While there are specific procedures and frameworks in place that publishers need to abide by to keep copy safe, Linacre explains, this doesn’t apply to some content online.

“A lot of the pre-print servers are not involved in these kinds of safeguarding schemes,” Linacre observes.

“And if you put anything on a website without the safeguarding, then it’s liable to digital decay. And if that has been sucked up by the AI and then it’s disappeared, then you can’t check the original link.”

The Zombie Scientific Archive

The Dead (or Zombie) Internet Theory sees the internet as a place with not much human input; it’s all bots talking to each other.

It’s plausible that the situation is not that far off in the most lawless parts of the unethical publishing world. In those zombified quarters, generative AI is used to write junk scientific papers based on the material it is trained on, which includes AI-generated junk science, and the cycle continues. Human intervention is possibly limited to prompts, paper mills and predatory publishers.
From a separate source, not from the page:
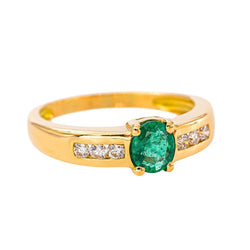Bague Or jaune Emeraude - Castafiore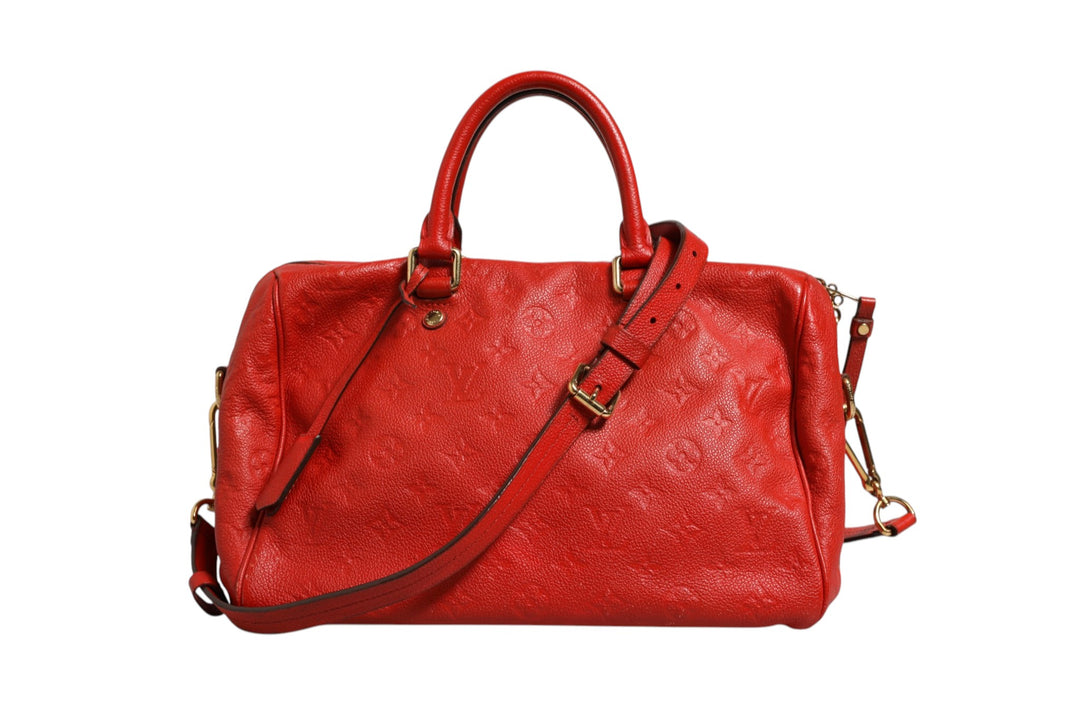 Red Monogram Empreinte Speedy Bandouliere 30 Louis Vuitton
While human oversight wasn’t exactly a feature of predatory publishing pre-generative AI either, the junk science in the zombie scientific archive could become, like the vegetative electron microscopy error, self-perpetuating.

Predatory publishing was already a problem before generative AI, spreading misinformation, jeopardising the reliability of the scientific archive and damaging the credibility of science in society.

Generative AI did not only magnify the scale of the problem, allowing predators to produce better-looking junk science faster, but also made finding and fixing the problem much harder.

Thankfully, there are more and more zombie hunters out there.